Required action
Leave out the lines before the one with "Garden, Property Building"; output that line and all remaining lines of the records exactly.

Excerpts from a dataset
================================

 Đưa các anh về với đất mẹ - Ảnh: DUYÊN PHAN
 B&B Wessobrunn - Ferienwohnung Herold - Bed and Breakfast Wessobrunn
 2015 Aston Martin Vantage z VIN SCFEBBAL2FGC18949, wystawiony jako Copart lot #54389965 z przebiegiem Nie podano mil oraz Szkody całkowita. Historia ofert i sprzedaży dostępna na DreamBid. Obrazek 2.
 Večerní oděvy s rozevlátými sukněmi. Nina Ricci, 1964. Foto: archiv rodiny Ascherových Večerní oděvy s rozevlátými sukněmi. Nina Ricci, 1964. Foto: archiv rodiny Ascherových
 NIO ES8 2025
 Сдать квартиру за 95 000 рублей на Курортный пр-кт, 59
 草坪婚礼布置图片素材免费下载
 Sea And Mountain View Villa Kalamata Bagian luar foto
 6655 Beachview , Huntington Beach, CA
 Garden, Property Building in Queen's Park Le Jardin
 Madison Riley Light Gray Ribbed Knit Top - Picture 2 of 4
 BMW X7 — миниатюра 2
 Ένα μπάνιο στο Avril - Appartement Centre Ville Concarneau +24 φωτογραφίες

================================

Task solution
 Garden, Property Building in Queen's Park Le Jardin
 Madison Riley Light Gray Ribbed Knit Top - Picture 2 of 4
 BMW X7 — миниатюра 2
 Ένα μπάνιο στο Avril - Appartement Centre Ville Concarneau +24 φωτογραφίες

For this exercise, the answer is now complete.